Thrawl Street, Angel Alley, Gunthorpe Street. Women turning to prostitution because of poverty, homelessness. All the dangers, all the huge lonelinesses, all the appurtenances of love with none of the affection. Martha Tabram mutilated, stabbed thirty-nine times after the “cheap and quick knee trembler” her friend Pearly Poll reported to the police. All that tumbling of organs onto the ground, all that simple need for cash so that a woman could spend a night sleeping on a mattress out of the wind.
Sadly, Thrawl Street had nothing much to say to Winnie, or nothing of use. It seemed to have been subsumed into a housing estate of red brick and nicely slanting roofs. From doorways bloomed the ghosts of curry past, present, and yet to
come. Midday, the place was largely deserted, and there was no kernel, no starter yeast. The whole district was airy and desolate.
Loneliness collapsed into her. She wandered by Indian take-away and discount footware storefronts, feeling Jack the Ripper dissolving, the mystery of his indecency beyond either her power to call it up or to dismiss it. She gave up, feeling as if in abandoning the lookout for the ghost of Jack the Ripper, she was putting her dim Wendy Pritzke at greater risk. But Winnie knew nothing else to do. She went back to Hampstead.

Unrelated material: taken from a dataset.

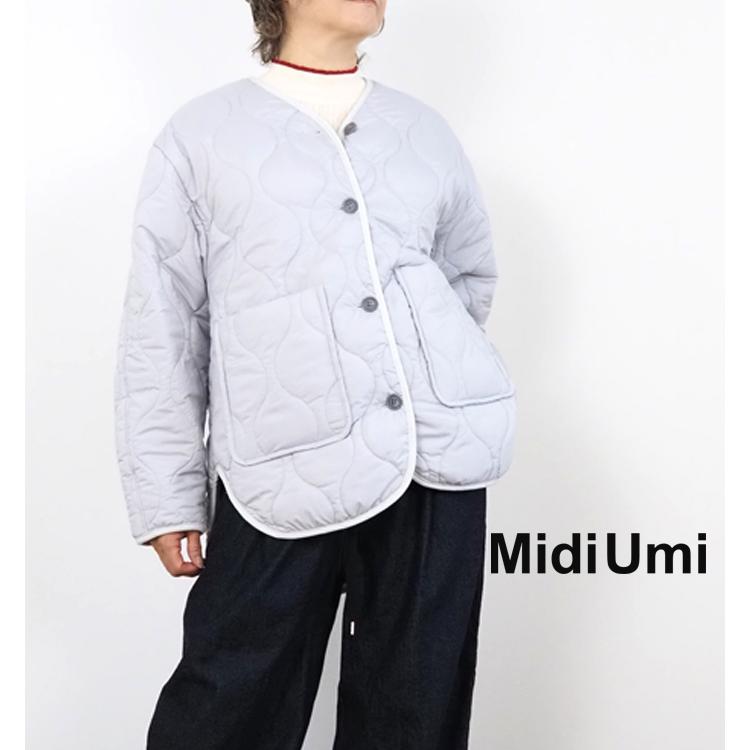 MidiUmi（ミディウミ） キルティングコクーンスリーブジャケット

That night she made herself a strong drink and set herself the mental task of remembering John's friend's name. When she woke up she had it: Britt Chalmers. Listed in the directory, hurrah. Chalmers, Girdlestone Walk, Highgate. She waited till a respectful 10A.M . on a Saturday morning and woke him up.
“Oh, so sorry,” she said jollily. “I always assume if people don't want to be awakened by the phone these days they turn the ringer off or pull the connection out. But there you are. While I've got you, Britt, I need to know where John Comestor is.”
“Who is this?” he said groggily.
“It's Winifred Rudge. We ran into each other some days ago at the Café Rouge. John still hasn't shown up and there's all sorts of funny business going on here.”
“Oh,” said Britt. “Yes, I remember. Well, I'll be little help to you, I'm afraid. The man runs his affairs with the secrecy of MI-5. I'm sure he's not half as full of derring-do as he'd like us to believe. He's probably planting a herbaceous border at some hideaway cottage in the Cotswolds. How long are you going to stay?”
“A while yet.” She felt stiff and faintly paranoid, for he was hiding something from her, she could tell it and not prove it. She continued. “Quite a while, I guess. Or maybe not. I've got MI-5 in my blood too, I suppose. We're cousins, after all.”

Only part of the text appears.